UNCLAS TEL AVIV 003536

SIPDIS

STATE FOR NEA, NEA/IPA, NEA/PPD

WHITE HOUSE FOR PRESS OFFICE, SIT ROOM
NSC FOR NEA STAFF

SECDEF WASHDC FOR USDP/ASD-PA/ASD-ISA
HQ USAF FOR XOXX
DA WASHDC FOR SASA
JOINT STAFF WASHDC FOR PA
CDR USCENTCOM MACDILL AFB FL FOR POLAD/USIA ADVISOR
COMSOCEUR VAIHINGEN GE FOR PAO/POLAD
COMSIXTHFLT FOR 019

JERUSALEM ALSO ICD
LONDON ALSO FOR HKANONA AND POL
PARIS ALSO FOR POL
ROME FOR MFO

SIPDIS
E.O. 12958: N/A
TAGS: OPRC KMDR IS

SUBJECT: ISRAEL MEDIA REACTION


--------------------------------
SUBJECTS COVERED IN THIS REPORT:
--------------------------------

1. Iran

2. Mideast

-------------------------
Key stories in the media:
-------------------------

Maariv quoted the Israeli defense establishment as saying that
Mossad Director Meir Dagan is not capable of convincing the
Americans about the seriousness of the Iranian nuclear threat.
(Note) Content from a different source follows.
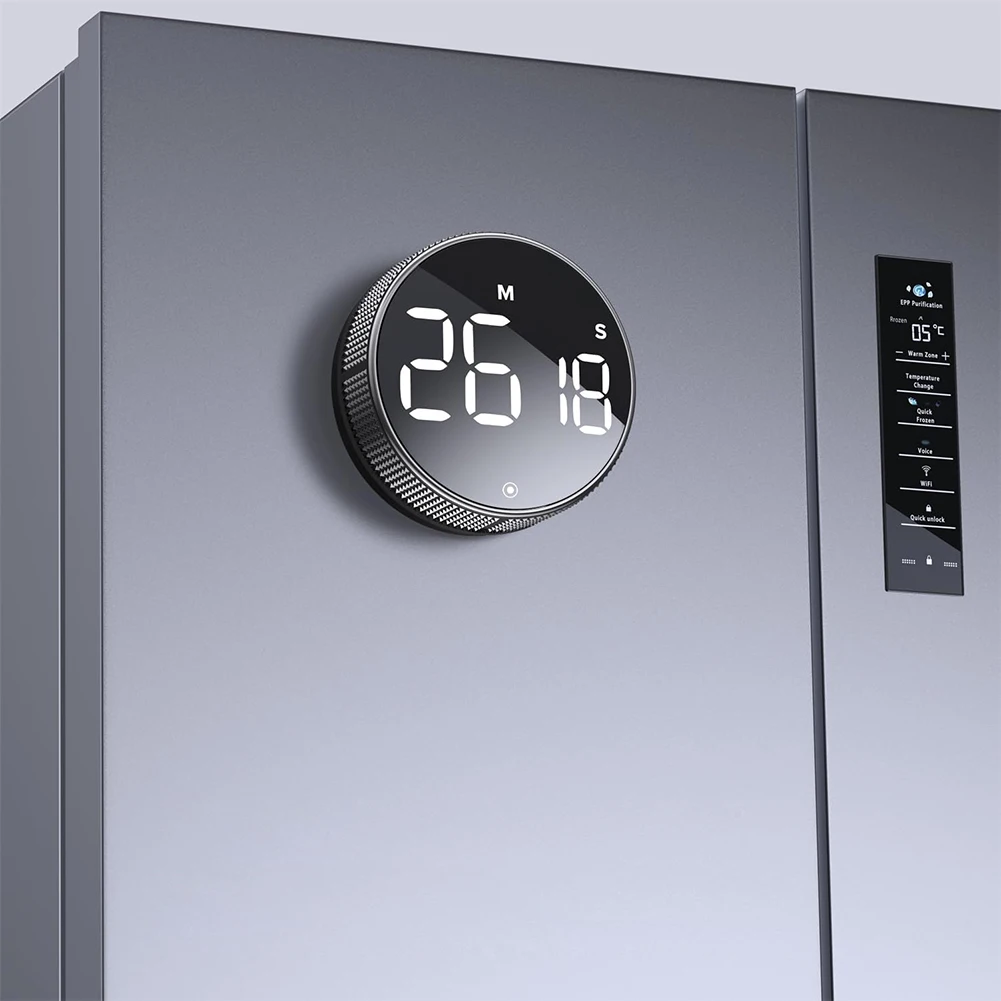 Kitchen Timer Adjustable Angle Electronic Timer Rotating Countdown Clock Large Number Display Cooking Timer for Sports Studying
On
Sunday Maariv reported that an Israeli intelligence team has headed
to the U.S. for an in depth review of the National Intelligence
Estimate (NIE). Maariv reported that Israel will likely make
available to the U.S. new material which up till now has been held
back for "information security" reasons. All media reported that
on Saturday Internal Security Minister Avi Dichter blasted the NIE,
warning that the NIE is liable to bring about the regional
equivalent of the 1973 Yom Kippur War, and that Israel would be one
of the victims. Today Ha'aretz and Maariv reported that PM Ehud
Olmert rebuked Dichter over his remarks. Dichter was also quoted as
saying that if Washington was wrong about Tehran, it could also be
wrong about Palestinian intentions. The Jerusalem Post reported
that Maj. Gen. Benny Ganz, the IDF's incoming military attache to
the U.S., told the newspaper that the world does not yet appreciate
the gravity of the Iranian threat.

Yediot reported that on Sunday PM Olmert and Defense Minister Ehud
Barak authorized the IDF to "upgrade" the list of Gaza targets in
response to Qassam rocket fire. All media reported that a
two-year-old toddler from Kibbutz Zikim in the Ashkelon area was
slightly wounded on Sunday in a rocket strike.

On Sunday Ha'aretz reported that a planned Israeli-Palestinian peace
gathering in Madrid "collapsed before even taking off."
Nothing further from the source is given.